Many early blues and country musicians employed these tunings and almost invariably used the words “Spanish” and “Vastopol” to describe them. To this day, open D and open G remain the most popular open tunings. “These two tuning are the starting gate for most guitarists,” Ry Cooder explains. “They cover most of the territory. You can do most anything you want. One has the timbre and color, of course, and the other has entirely different vibrant points, tighter strings. The D is the blues. The G is melodic, and it’s all triads. The D suggests the modal world of, say, Blind Willie Johnson – it’s his tuning. The melody is on the top strings, so it’s very handy. And the G is almost hillbilly tuning. It’s banjo tuning. If you look at it that way, then obviously it’s a different world. I started in G tuning before I knew D. Probably the best song to start with is Lead Belly’s ‘C.C. Rider’ – the thing he played flat [lap style]. He chose a beautiful chord at the ninth fret to start the song on. It’s perfect. He didn’t move around. He played the chord and used the notes he had in that position. It’s all right there. But, man, to start the song on that chord! It jumped off the record player at me. It’s like looking over the edge of some cliff. And then where do we go now? The tonic. Whoo! I used to get chicken skin listening to that. I used to think, ‘Go where it’s dangerous and say yes!’ as the yogis like to say. And once I figured out how to put the banjo G on the guitar, all of a sudden there were all of John Lee Hooker’s chords, although he doesn’t play slide. There was the whole thing. Wow.”
Long before John Lee Hooker emerged on record in the late 1940s, other Mississippi-bred bluesmen favored open G, notably Charley Patton, Son House, and Willie Brown, as well as their immediate followers Robert Johnson and Muddy Waters. Johnson, for example, used Spanish on his 1936 recordings of “Walkin’ Blues” and “Cross Road Blues.” Five years later, Muddy Waters played slide in open G on his very first record, “Country Blues,” recorded in a country shack by Alan Lomax for the Library of Congress. Interviewed on record immediately after he’d completed the take, Waters calmly described how the song had “come from the cotton field and the boy what put the record out – Robert Johnson. He put out ‘Walkin’ Blues.’ But I knowed the tune ’fore I heard it on the record. I learned it from Son House.” Muddy added that he picked up his bottleneck style from Son House, and described the three tunings he played in as the “natural,” “straight E” (a variation of Vastopol) and “Spanish.” (In the photo at right, Muddy is seen in Clarksdale circa 1942, clutching a comp pressing of his first 78.)
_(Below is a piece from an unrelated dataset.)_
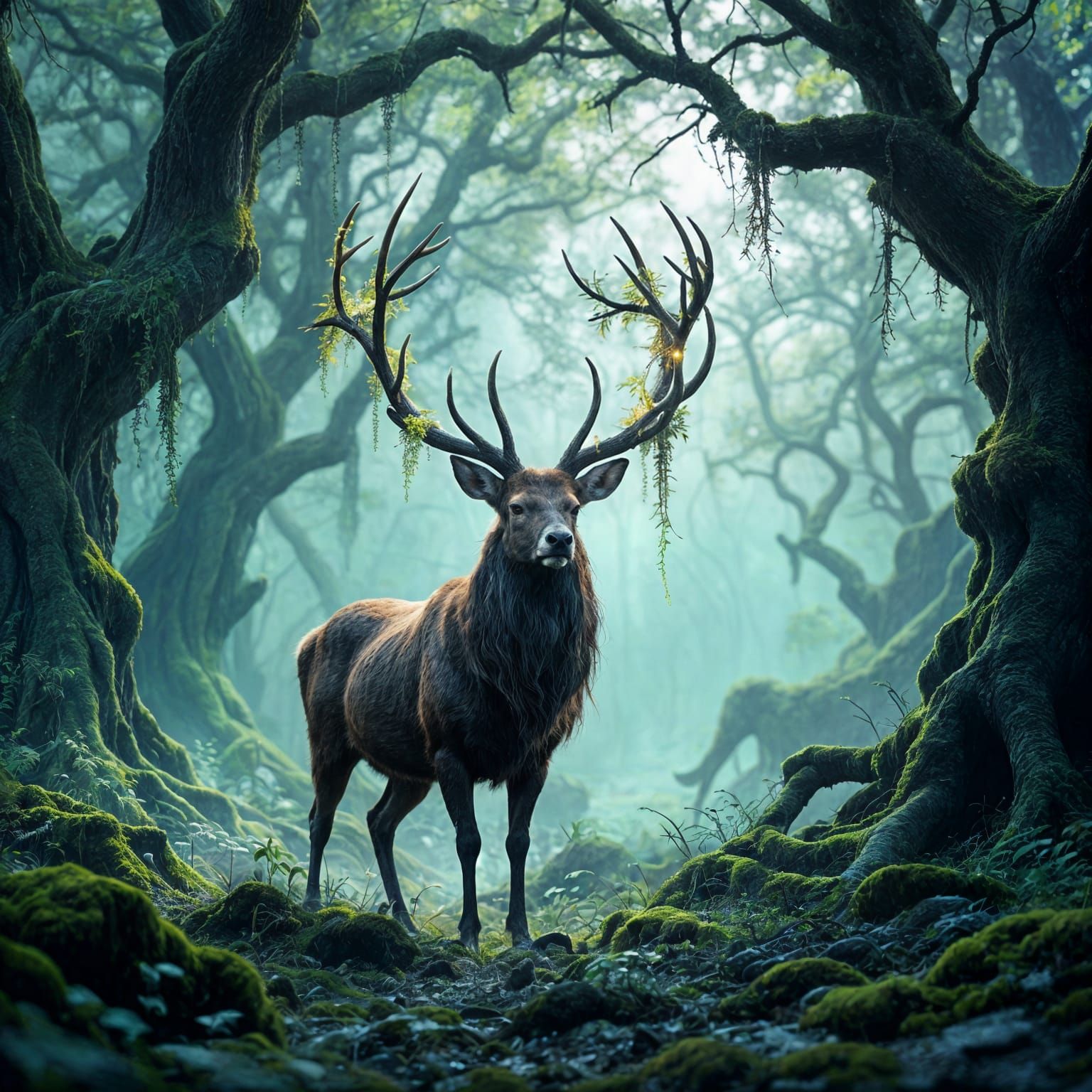 Majestic Stag in Enchanted Forest, Dark Fantasy Art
In the 1950s, another Delta-bred, Chicago-based blues guitarist, Elmore James, used an open-D-tuned electric guitar to kick-start “Dust My Broom” with what is surely the most imitated slide riff in all of blues. During the 1960s, “rediscovered” or newly discovered old-time artists including Mississippi John Hurt, Sam McGee, Mance Lipscomb, and Elizabeth Cotten recorded acoustic versions of Worrall’s tunes. Soon Jesse Ed Davis, Johnny Winter, Duane Allman, and others were carrying open G and open D into mainstream rock and roll, and these tunings still thrive today. And whether they know it or not, anyone who uses them owes at least a passing nod of appreciation to Henry Worrall.
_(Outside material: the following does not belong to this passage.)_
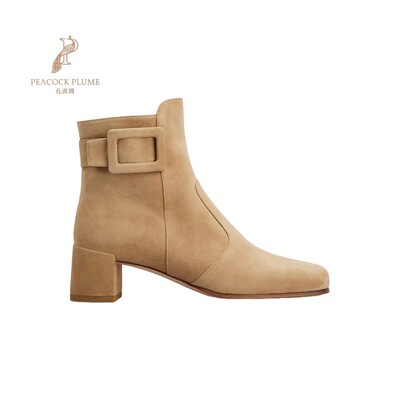 RogerVivier/罗杰维维亚女士靴子裸靴麂皮覆盖侧扣几何跟新款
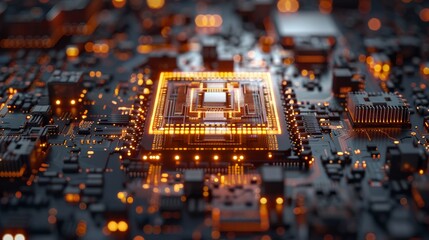 Poster - Detailed view of an imprarton quantum computer chip with standard v x components.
But whatever happened to old Mr. Worrall? I am delighted to report that he led an amazing life. In 1869 he moved to Topeka, Kansas, for his health. For decades he gave guitar concerts and lectures and played organ in church. He became a celebrated painter and illustrator, his artwork appearing in important books on Western history and the nationally popular periodicals Harper’s Weekly and Frank Leslie’s Illustrated Newspaper. His famous oil painting “Drouthy Kansas” convinced people around the country that the great Kansas drought of 1860 was indeed a thing of the past. Worrall carved wood – including the Kansas State Seal – and invented several wind and hay instruments. He cultivated grapes and kept a large vineyard. He was well known for his pranks, and into old age he enjoyed accompanying male pupils as they serenaded girls in local colleges. This delightful man passed away in 1902. Today, the Kansas State Historical Society makes an impressive collection of original Henry Worrall materials available to researchers. Are you listening, Ken Burns?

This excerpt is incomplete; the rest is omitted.